-
Notifications
You must be signed in to change notification settings - Fork 1
Description
Summary
Documents generated by WmlComparer with move operations (w:moveFrom/w:moveTo) cause Microsoft Word to display an "unreadable content" warning when opened.
Steps to Reproduce
- Compare two documents where text has been moved using
WmlComparer.Compare() - Open the resulting document in Microsoft Word
- Word shows: "Word found unreadable content in [filename]. Do you want to recover the contents of this document?"
Root Cause Analysis
After extensive debugging (30+ attempts documented), we found that:
-
Move operations are fragile in OOXML: Word is extremely strict about how
w:moveFrom,w:moveTo,w:moveFromRangeStart,w:moveFromRangeEnd,w:moveToRangeStart,w:moveToRangeEndelements must be structured. -
Duplicate revision IDs: Docxodus sometimes generates duplicate
w:idattributes across revision elements (e.g., bothw:moveFromandw:delcan haveid="21").
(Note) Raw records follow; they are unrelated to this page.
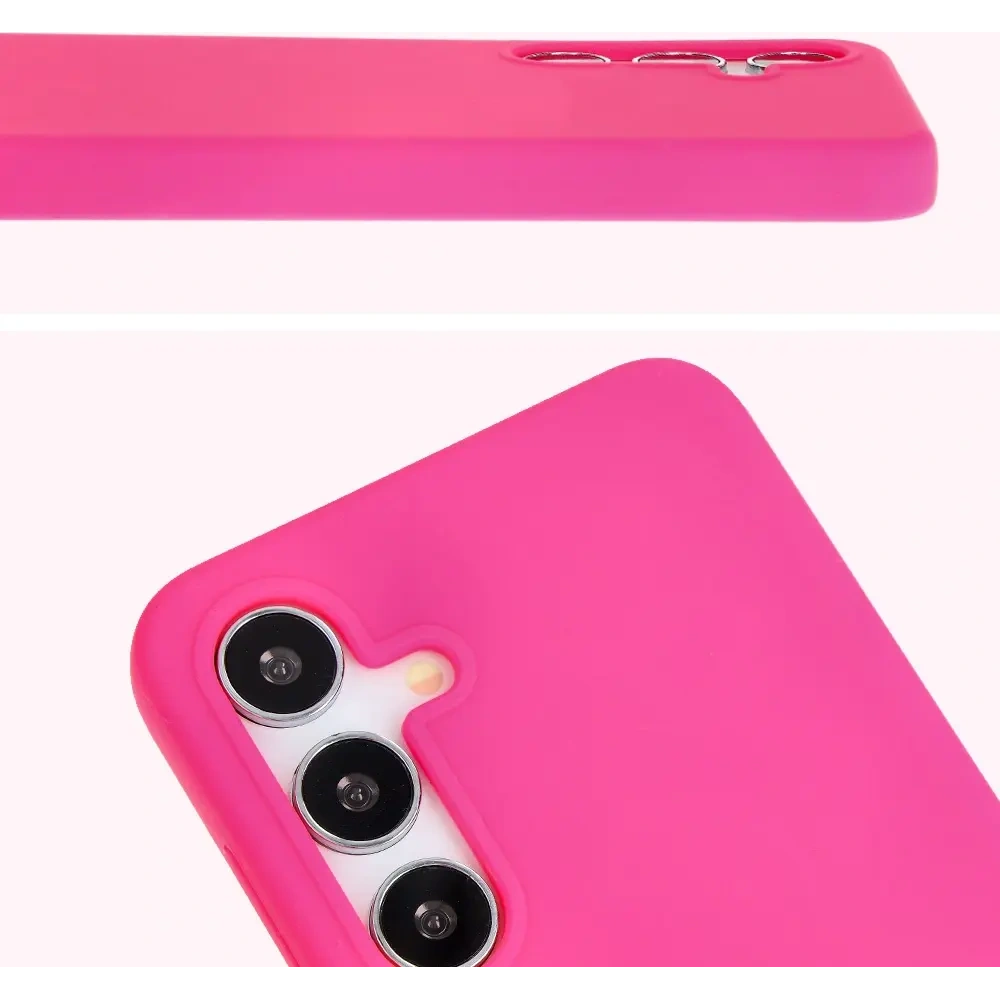 Silikonowe etui Bizon Soft Case do Samsung Galaxy S24 Plus neonowo-różowe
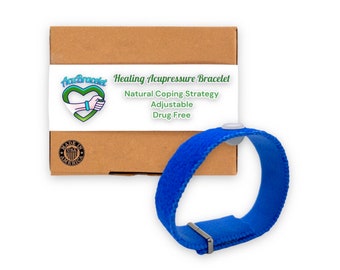 Anti-Anxiety Bracelet- Adjustable Acupressure Band- Natural Coping Strategy-Mood Support-Stress-Vertigo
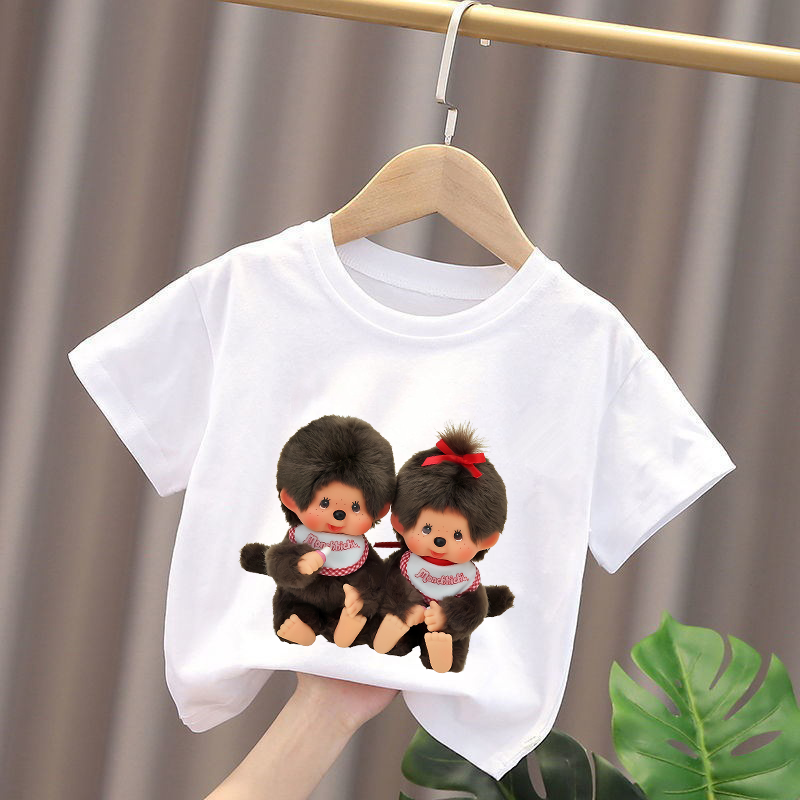 Summer Clothing For Babies - Monchhichi Kids T-shirts Anime Figures Boys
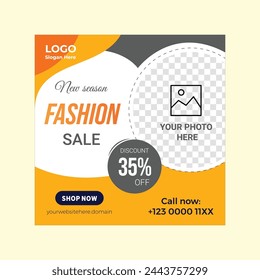 Sale and discount social media post design fully editable vector template design illustration.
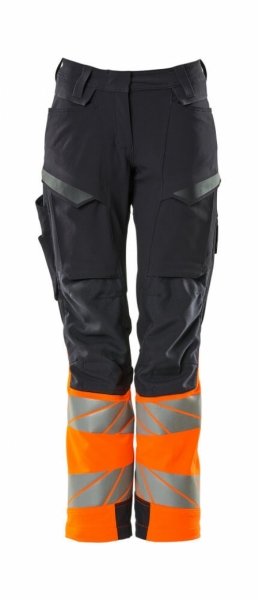 MASCOT-Warnschutz, Warnschutz-Damen Bundhose, DIAMOND, schwarzblau/warnorange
ECMA-376 requires these to be unique. -
Various fixes attempted but failed:
- Deduplicating move operations by name
- Ensuring RangeStart/RangeEnd ID pairing
- Sequential ID renumbering
- Converting
delTexttotinsidemoveFrom - PowerTools/Clippit document rebuilding
Working Workaround
The only reliable fix we found is to convert all move operations to simple del/ins:
// Convert MoveFromRun to DeletedRun
foreach (var moveFrom in root.Descendants<MoveFromRun>().ToList())
{
var del = new DeletedRun
{
Author = moveFrom.Author?.Value,
Date = moveFrom.Date?.Value,
Id = moveFrom.Id?.Value
};
// Move all children to the new del element
foreach (var child in moveFrom.ChildElements.ToList())
{
child.Remove();
del.AppendChild(child);
}
moveFrom.InsertAfterSelf(del);
moveFrom.Remove();
}
// Convert MoveToRun to InsertedRun (similar pattern)
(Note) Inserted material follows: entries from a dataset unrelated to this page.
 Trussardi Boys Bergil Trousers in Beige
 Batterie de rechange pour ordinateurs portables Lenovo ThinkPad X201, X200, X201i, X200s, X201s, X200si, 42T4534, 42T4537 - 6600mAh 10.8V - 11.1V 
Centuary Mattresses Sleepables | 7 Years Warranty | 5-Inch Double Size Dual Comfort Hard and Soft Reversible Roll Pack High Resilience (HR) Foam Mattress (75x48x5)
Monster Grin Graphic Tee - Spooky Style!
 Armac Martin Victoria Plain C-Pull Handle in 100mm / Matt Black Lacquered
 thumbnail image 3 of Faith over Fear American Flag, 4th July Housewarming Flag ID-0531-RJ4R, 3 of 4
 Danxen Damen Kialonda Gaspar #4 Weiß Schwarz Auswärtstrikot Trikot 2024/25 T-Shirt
// Remove all move range markers
root.Descendants<MoveFromRangeStart>().ToList().ForEach(e => e.Remove());
root.Descendants<MoveFromRangeEnd>().ToList().ForEach(e => e.Remove());
root.Descendants<MoveToRangeStart>().ToList().ForEach(e => e.Remove());
root.Descendants<MoveToRangeEnd>().ToList().ForEach(e => e.Remove());Trade-off
This sacrifices the semantic "move" information (where text came from/went to) in favor of document validity. Users will see:
- Strikethrough text at original location (deletion)
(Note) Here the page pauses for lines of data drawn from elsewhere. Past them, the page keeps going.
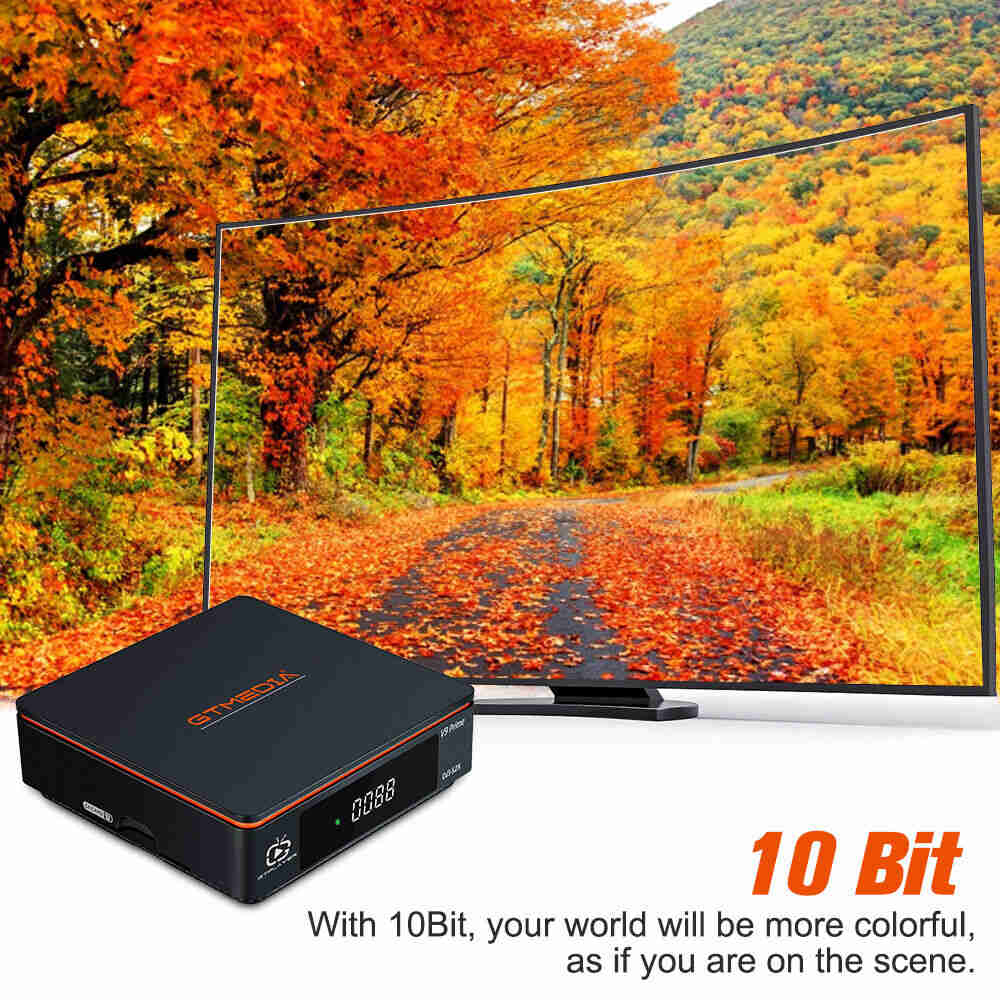 Advanced DVB-S/S2/S2X Satellite Receiver with HDMI, WIFI, and DVR Functionality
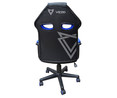 Silla gaming VIZZIO Nayade V2 negro y azul, almohadilla lumbar, reclinable, regulación de altura.
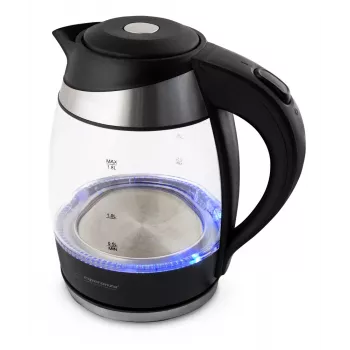 Esperanza EKK009 elektrinis virdulys 1.8 L Juoda, Daugiaspalvis 2200 W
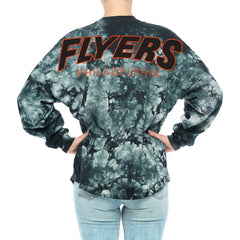 Philadelphia Flyers Fanatics Women's Crystal-Dye Long Sleeve T-Shirt - Black | Fanatics on sale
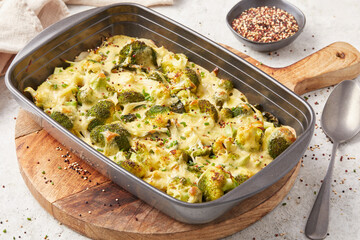 Potato Broccoli and Quinoa Bake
- Underlined text at new location (insertion)
Instead of:
- Green strikethrough (moved from)
- Green double-underline (moved to)
Environment
- Docxodus 5.4.0
- .NET 10
- Microsoft Word for Mac (and likely Windows)
Suggestion
Consider adding a WmlComparerSettings option like ConvertMovesToDelIns = true to give users an easy way to opt into this workaround when Word compatibility is critical.